Typically a user of this replication will download and install directly the mySQL data-files of the tables he is interested in from our FTP server following the mySQL installation instructions. The tables are available in compressed myIsam format without any pre-built indexes.
For more information you may contact the PDBe group
MSDSD and flat files (PDB, mmCif, XML)
A frequently asked question about MSDSD is why the database is not available in XML and other
flat file formats (XML,mmCif,clean-up PDB).
The reason is that we feel that XML and other flat-files have to be based on a
rigid and systematic standardisation in order to be useful.

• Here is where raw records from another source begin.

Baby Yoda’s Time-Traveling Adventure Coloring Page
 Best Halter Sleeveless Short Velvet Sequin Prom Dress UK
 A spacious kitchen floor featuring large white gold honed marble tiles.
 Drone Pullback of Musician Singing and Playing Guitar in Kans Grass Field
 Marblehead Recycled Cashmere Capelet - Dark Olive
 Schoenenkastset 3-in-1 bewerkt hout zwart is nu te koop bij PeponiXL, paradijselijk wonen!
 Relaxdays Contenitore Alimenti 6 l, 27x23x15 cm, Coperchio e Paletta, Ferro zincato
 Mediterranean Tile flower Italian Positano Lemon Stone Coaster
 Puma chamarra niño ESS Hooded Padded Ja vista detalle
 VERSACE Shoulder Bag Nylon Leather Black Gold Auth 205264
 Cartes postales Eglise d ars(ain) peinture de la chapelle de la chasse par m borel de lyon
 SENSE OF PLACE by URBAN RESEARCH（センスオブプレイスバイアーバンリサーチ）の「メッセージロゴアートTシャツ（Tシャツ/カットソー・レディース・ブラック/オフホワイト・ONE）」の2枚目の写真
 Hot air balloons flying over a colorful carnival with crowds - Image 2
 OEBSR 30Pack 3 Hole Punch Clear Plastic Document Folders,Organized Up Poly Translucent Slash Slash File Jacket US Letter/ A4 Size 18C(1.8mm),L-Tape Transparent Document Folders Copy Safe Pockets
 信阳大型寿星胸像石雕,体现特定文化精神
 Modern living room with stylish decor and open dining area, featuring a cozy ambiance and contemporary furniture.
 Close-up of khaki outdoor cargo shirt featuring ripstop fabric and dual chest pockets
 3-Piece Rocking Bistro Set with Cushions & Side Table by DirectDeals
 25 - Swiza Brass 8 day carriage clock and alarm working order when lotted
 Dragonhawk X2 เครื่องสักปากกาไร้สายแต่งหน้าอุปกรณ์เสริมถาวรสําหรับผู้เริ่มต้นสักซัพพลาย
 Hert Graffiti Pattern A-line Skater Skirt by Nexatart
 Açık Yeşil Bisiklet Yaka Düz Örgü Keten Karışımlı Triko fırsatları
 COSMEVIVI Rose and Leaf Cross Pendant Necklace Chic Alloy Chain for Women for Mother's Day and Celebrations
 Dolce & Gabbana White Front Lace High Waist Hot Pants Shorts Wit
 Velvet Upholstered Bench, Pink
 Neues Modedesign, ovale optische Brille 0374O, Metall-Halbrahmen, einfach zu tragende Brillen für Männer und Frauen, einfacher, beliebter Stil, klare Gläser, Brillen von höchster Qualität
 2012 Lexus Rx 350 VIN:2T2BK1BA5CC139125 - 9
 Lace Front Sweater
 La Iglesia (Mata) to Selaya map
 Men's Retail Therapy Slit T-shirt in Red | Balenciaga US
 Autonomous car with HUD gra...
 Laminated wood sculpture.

This work is done as part of the wwPDB collaboration and we would advice users to
refer to the wwPDB
-
MSDSD is based on relational database technology and it is available
on relational database technology. It is not a collection of flat files.
-
It is not another data store for the PDB and does not intend
to replace the PDB
-
While it is partially based on mmCif terminology and organisation,
it is not bound to use it when this is unsuitable
-
It includes complete and consistent sections of automatically or semi-automatically
derived information that are not part of the PDB
-
It includes complete and consistent cross-references as well as
reference information from external databases. All these are not part of
the PDB
-
It focuses mainly on "Assemblies", the quaternary structure that
corresponds to the actual biological entity, as the starting point for
determining the actual structural characteristics of proteins
MSDSD conventions
MSDSD (with some exceptions) is following a standard set of conventions in its design and architecture.
Some understanding of these conventions will help anyone interested in learning the
MSDSD schema, regardless of the method he chooses to use in order to use it (replication, API).
For a more systematic study you will have also to consult the MSDSD reference documentation.
- We use user friendly and meaningful names that are familiar to the end users instead of precise names. We will use the names CHAIN and RESIDUE instead of ENTITY_INSTANCE or COMPONENT even though that the entities that they model are not always very strictly speaking chains or residues (i.e. water groups and waters or bound molecules). This means diversion in some cases from the strict mmCif terms.
- We will follow de facto standards wherever there is no necessity to oppose them. For example we will use the PDB nomenclature and ordering for atoms and PDB style names for chains.
- Table names in sections of the model may be marked up with a common prefix (i.e. "CHEM" like in CHEM_COMP,CHEM_ATOM)
- Tables will have an abstract identifier attribute that will be used in order to implement foreign keys. Only these attributes should end with the "ID" suffix.
- The abstract identifiers are not guaranteed to remain constant in different MSDSD releases. There is always another set of naming identifiers (like ACCESSION_CODE,ASSEMBLY_SERIAL etc) for every table and these should be used by external users in order to refer to MSDSD records.
- The abstract identifier attributes of entities should have the same name as the entity and the "ID" suffix i.e. CHEM_ATOM_ID for CHEM_ATOM.
- Attributes that are external identifiers will not have the ID suffix and will be named to the CODE suffix (i.e. CIF_CODE) if they are alphanumeric, to the NO suffix (i.e. EBI_NO) when they are numeric, or the the SERIAL suffix when they are serial numbers (i.e. ASSEMBLY_SERIAL)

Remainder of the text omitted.